# Dummy Question



## MedPretzel

I have a really newbie quesiton to ask, but since I don't make usual wines, I've never felt the need to use oak in my wines.





What exactly does Oak do to a wine? It gives it an "oaky" flavor is what I gathered, like it has been aged in a barrel, but I'm not sure if I have ever in my life tasted oak in a wine. If I did, I thought it was a natural part of the wine, I guess.





So, would my country wines profit/benefit from oaking? I mean, I don't imagine you can say something about a sage wine, I understand, but could someone explain to a person who has no idea the general jist of the oaking your wines, and the results? Sorry if this is a topic that is huge. I'm just not sure if oaking would help or hurt my wines at this point.


----------



## masta

I recently bottle my first two batches of red wine that I added oak to with Stavin oak beans. It is hard to explain the actual taste...but I think it is more of what it adds to the wine in making it smoother and more complex. It added anoak background flavor but also more depth to the wine and also mellowed it out.


Sorry I can't explain it better...these might also help:


http://winemakermag.com/departments/78.html


http://www.robertmondavi.com/WineFacts/oakBarrel.asp*Edited by: masta *


----------



## AAASTINKIE

the only question that's dumb is the question that isn't asked...


----------



## MedPretzel

You speak from my heart, Stinkie. That is my motto....


----------



## Hippie

Martina, you will only ever know if you experiment. Start with 1 oz. untoasted French oak in 5 gallons wine for 1 month of bulk aging and taste before and after and write down tasting notes. The wine should be clear and stable and otherwise ready to bottle. Alternatively, use a handful of untoasted French chips in the fermentation for a completely different and more subtle oak character. I do both, if at all. *Edited by: Country Wine *


----------



## MedPretzel

Thanks, Glenvall. I might jsut do that some day. But the question is, does oak go with mum wine? marigold? sage? rose-hip?


----------



## Hippie

Who knows? Experiment. Otherwise, we will probably never know. One thang is for sure, after you try the untoasted French oak, you will know if you might wanna try toasted or stronger varieties of oak like Hungarian or American.*Edited by: Country Wine *


----------



## MedPretzel

Wow, that's a lot of oak... 


I might just try it soon.  Thanks for the advice.


----------



## Hippie

Actually 3 oz. oak beansfor 3 months in 5 gallons of wine is about the norm for bulk aging, tasting every 2-3 weeks after 1 month.


----------



## MedPretzel

Oh. Well, I have no idea what I'm talking about here. (Sorry) 


But that's like me in the rest of the forum!!! HAhahahaha!


----------



## Hippie

All the more reason you should be experimenting with other styles of wines.


----------



## MedPretzel

I know, I know... It's just to me, country wines are more fun than kit ones. That's just me, though.


----------



## Maui Joe

That's okay Martina, we don' have mums, sage and the sort. I would only learn that from you.


----------



## MedPretzel

Well, I can only suggest you make some sort of flower-petal wine. It's very interesting, and you probably can't find stuff like that in the store.

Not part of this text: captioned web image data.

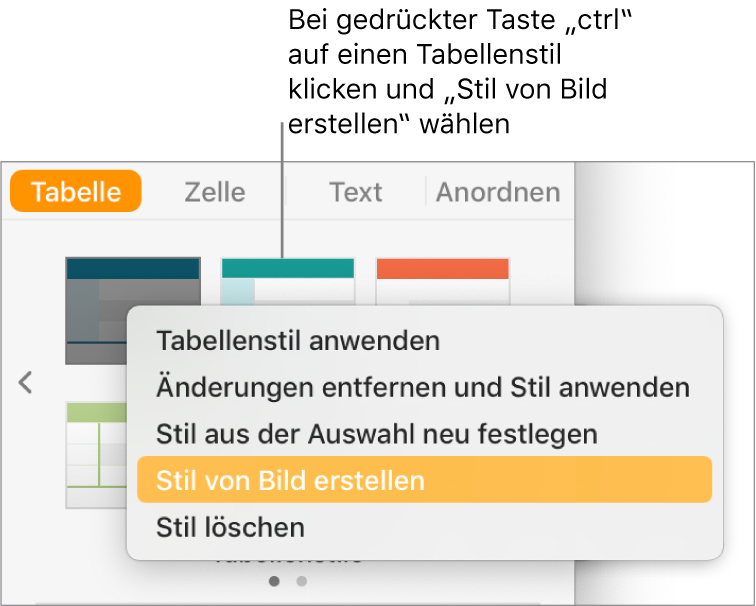 Das Kontextmenü für den Tabellenstil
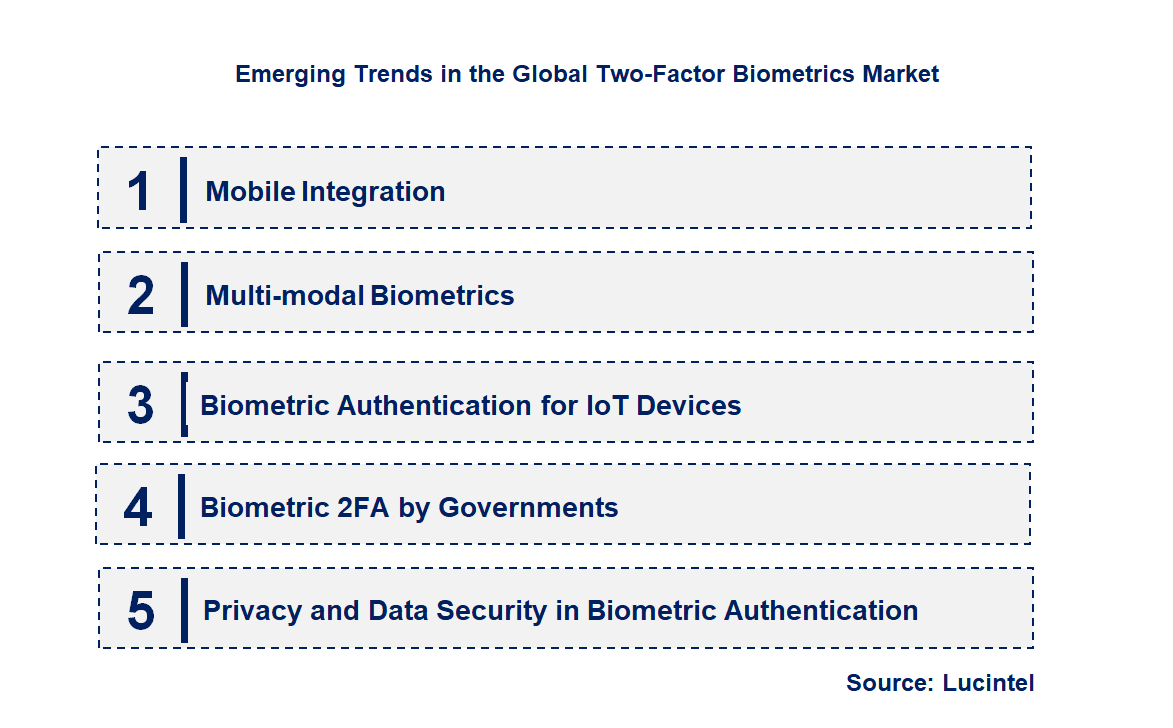Emerging Trends in the Two-Factor Biometrics Market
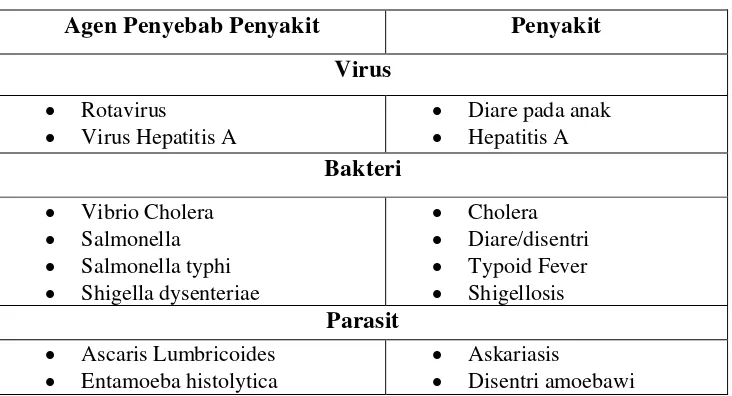 Tabel 2.1. Penyakit Yang Ditularkan Oleh Tinja 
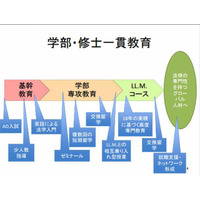 九大、法学部と修士一貫教育プログラム創設…英語のみで修士取得 画像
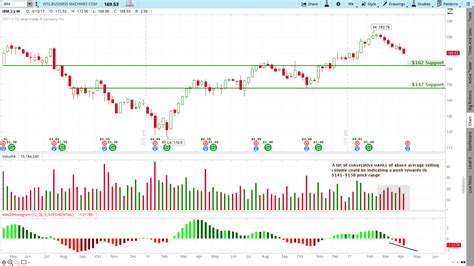 4/14/2017 - International Business Machines (IBM) Stock Chart Analysis ...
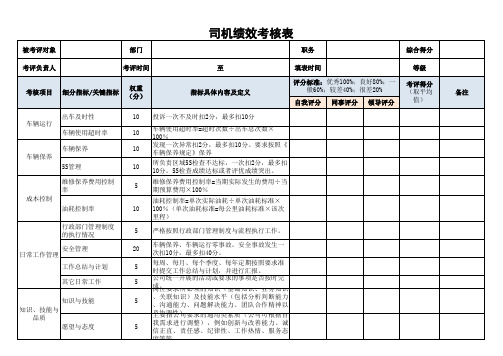 司机绩效考核表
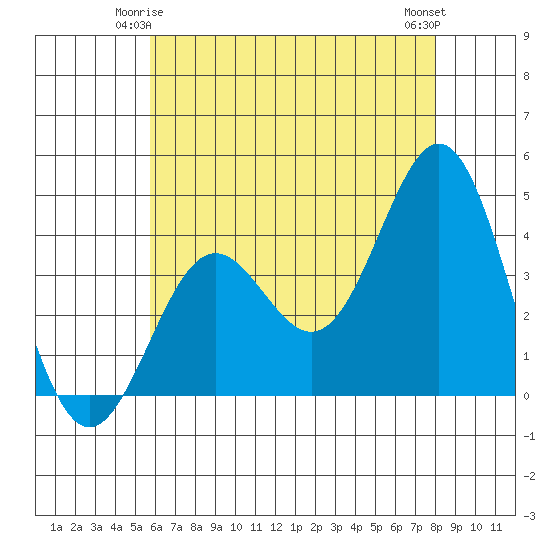 San Clemente Island tide chart for Tuesday, June 4, 2024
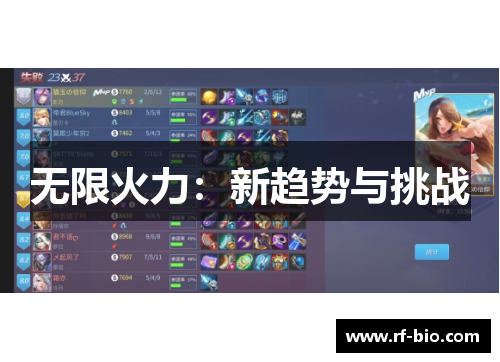 无限火力：新趋势与挑战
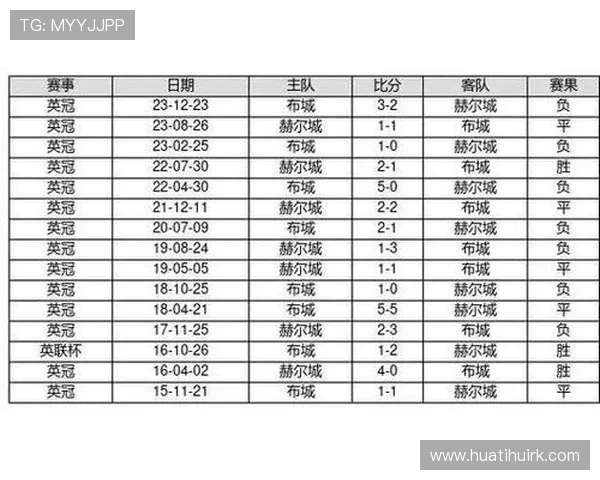华体会中文站帮助用户掌握体育竞猜的最新规则与玩法变化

I am currently making a hibiscus wine which smells just wonderful. I am sure you can get plenty of those in your neck of the woods (or beach?)!!!


----------



## Maui Joe

I worry about the fertilizers and sprays that are used on them. I would think that the systemic chemicals that people use are also retained in the flowers as well.


What partsof the Hibiscus flower do you use, as well as roses? We have some awesome roses, gardenias, etc. I red-flag flowers that contain milk, like Plumerias and that sort.


----------



## MedPretzel

Well, Joe, you certainly can use the petals of the hibiscus flower. You are right when you talk about the pesticides that are used, but I wouldn't be too worried about fertilizers. They are mostly natural substances which help the flower to grow -- nothing chemically poisonous to the flower itself. I'd be worried about the pesticides/sprays though. Basically pesticide is just nerve gas, and I would be leery about that.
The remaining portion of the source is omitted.